Medical Debt: Unexpected medical expenses can lead to significant debt. Young adults can negotiate payment plans with healthcare providers, review medical bills for errors, or explore options for financial assistance. Kurt experienced this first-hand, right after graduating from college. Not only did he tear his ACL twice (yes…. I said twice), but the co-payments for physical therapy added up. If you’re struggling to keep up with medical-related debt, It’s key to communicate and ask for payment plans to help you pay back what you owe.
Personal Loans: Personal loans may be taken out for various reasons, such as consolidating debt or covering unexpected expenses. To manage them effectively, prioritize repayment, avoid taking on additional debt, and explore options for refinancing at a lower interest rate.
Payday Loans: If you can help it, I would high advise against taking out a payday loan, as they often come with exorbitant interest rates, trapping borrowers in a cycle of debt.
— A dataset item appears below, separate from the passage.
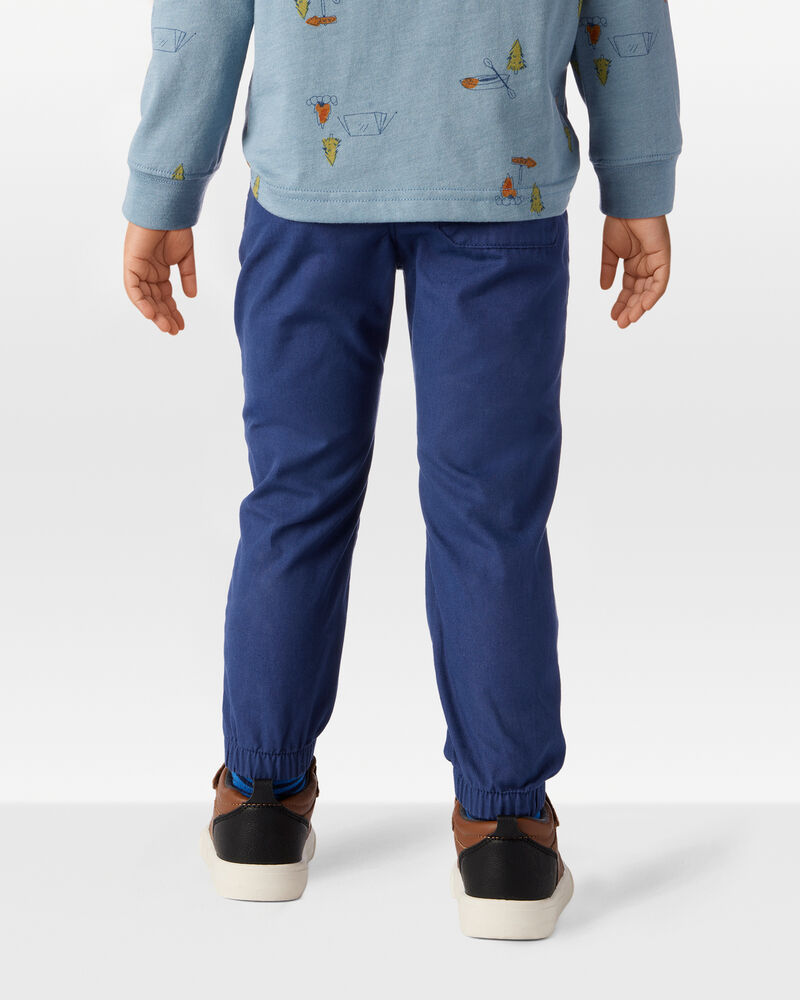 Toddler Boy Cotton Pull-On Fashion Pants - Navy, image 4 of 6 slides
Instead of relying on payday loans, seek alternative sources of funding such as community assistance programs, or explore low-interest personal loan options.
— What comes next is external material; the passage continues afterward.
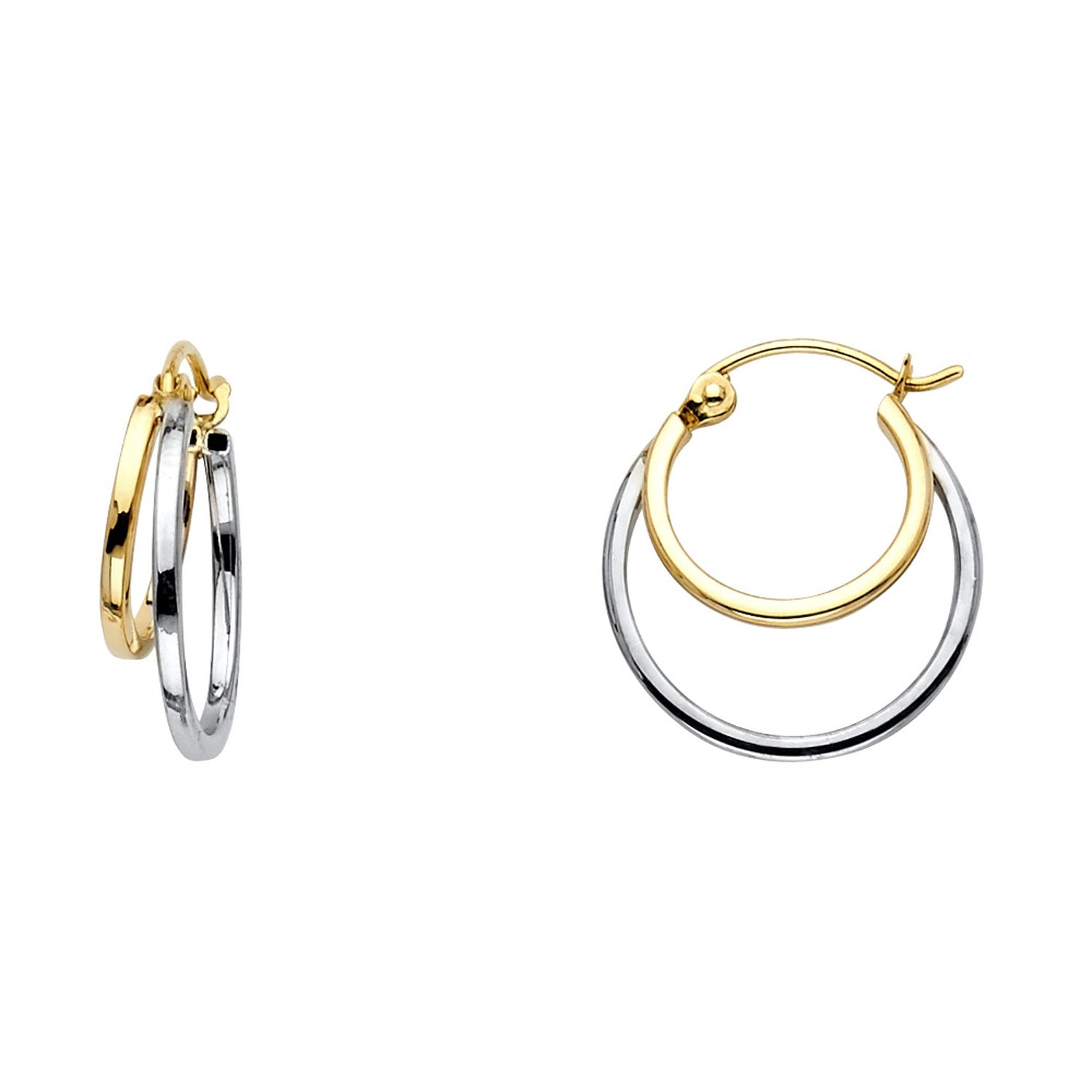 14K 2T 2LINE HOLLOW HOOP EAR (18MM)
Tax Debt: Unpaid taxes can result in penalties and interest charges. Young adults with any tax burdens should communicate with the IRS or relevant tax authorities, explore payment plans or settlement options, and seek professional assistance if needed. Last year, we were blindsided with taxes, and honestly it was a horrible feeling to have to dish out so much cash so quickly. One strategy: if you expect to pay a lot in taxes each year, consider setting up a schedule to pay estimated taxes in advance in quarterly installments. While it might cost extra, it can also help to work with a tax professional, especially when you have multiple streams of income, debt or other factors that might make filing or paying off debt a bit tricky
Mortgage Debt: Buying a home is a significant financial commitment. To manage a sizable mortgage, make timely payments, consider refinancing to lower interest rates, and explore government programs for assistance with down payments or loan modifications.
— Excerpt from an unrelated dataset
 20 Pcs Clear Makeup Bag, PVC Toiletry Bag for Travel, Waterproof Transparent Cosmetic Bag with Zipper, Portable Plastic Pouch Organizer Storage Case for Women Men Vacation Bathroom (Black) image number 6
Business Loans: Starting a business may require taking on debt. Young entrepreneurs can mitigate risks by creating a solid business plan, seeking mentorship from experienced professionals, and exploring alternative funding options such as crowdfunding or small business grants. If possible, try using your own cash versus taking out a loan to start your business.
Gambling Debt: Problem gambling can lead to substantial financial losses. Seek support from organizations such as Gamblers Anonymous, limit access to gambling activities, and consult with a financial advisor to develop a plan for repaying debt and preventing future gambling-related problems.
Debt is a common challenge for many young adults, but it’s not insurmountable. By understanding the types of debt they may encounter and implementing proactive strategies for managing and overcoming it, young adults can pave the way toward financial stability and independence. Whether it’s student loans, credit card debt, or mortgages, there are always steps that can be taken to get over the hump and build a brighter financial future.